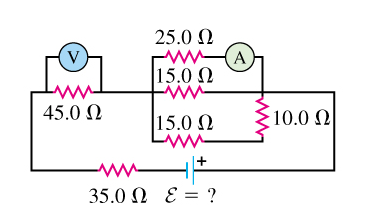 25.0 N
w(A
15.0 N
(V)
45.0 N
15.0 N
10.0 N
+
35.0 Ω ε?
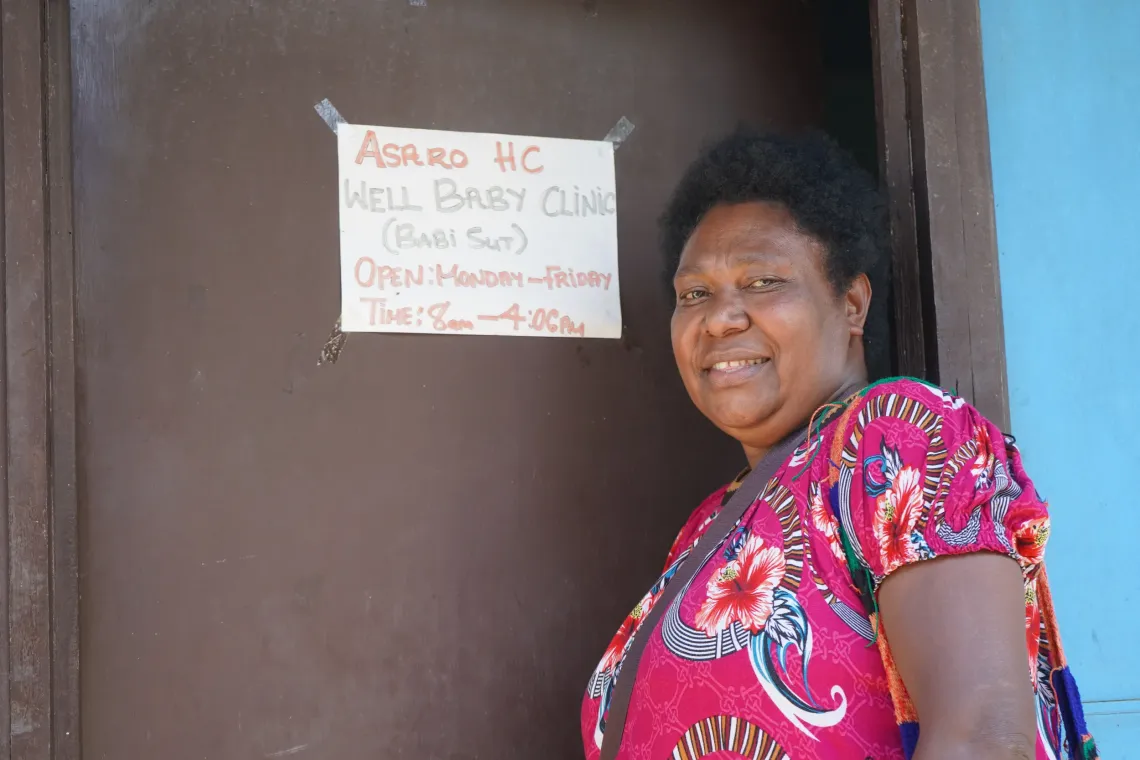 Sr Alison Okopojari at the Asaro Well Baby Clinic
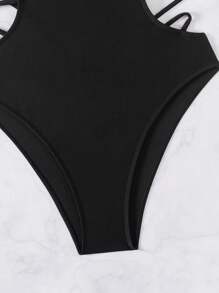 SHEIN Swim Ladies Solid Color Hollow Out Halter Neck Backless Monokini Swimsuit Summer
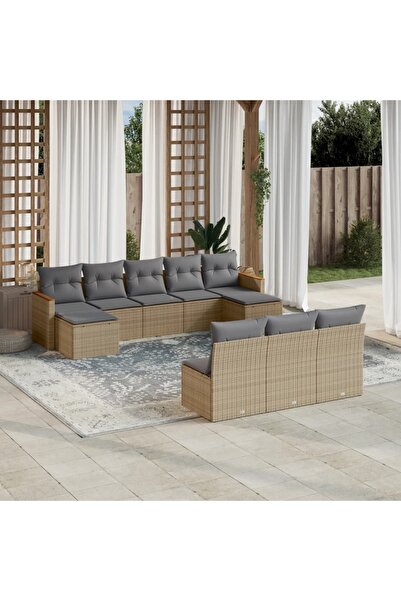 vidaxl Set canapele de gradina cu perne, 10 piese, bej, poliratan
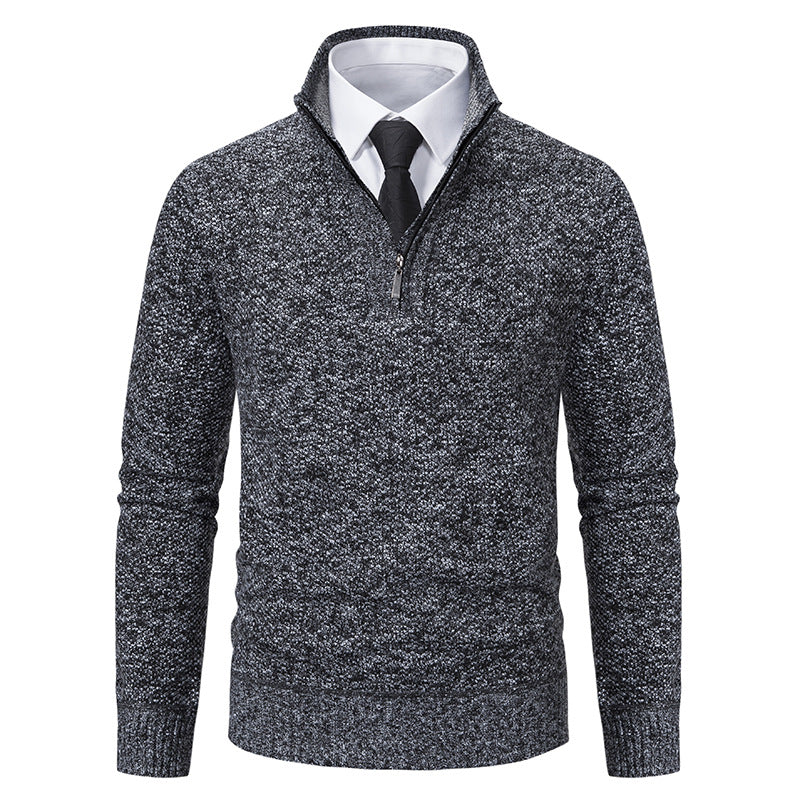 Herren eleganter Strickpullover mit halbem Reißverschluss und strukturierter Oberfläche Echoarchiv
◇ ◇ ◇ ◇ ◇
• _WHAT TO WORK ON_: Give the listing above again in its entirety and exactly; do not include the pictures.

• _RESULT_:
 25.0 N
w(A
15.0 N
(V)
45.0 N
15.0 N
10.0 N
+
35.0 Ω ε?
 Sr Alison Okopojari at the Asaro Well Baby Clinic
 SHEIN Swim Ladies Solid Color Hollow Out Halter Neck Backless Monokini Swimsuit Summer
 vidaxl Set canapele de gradina cu perne, 10 piese, bej, poliratan
 Herren eleganter Strickpullover mit halbem Reißverschluss und strukturierter Oberfläche Echoarchiv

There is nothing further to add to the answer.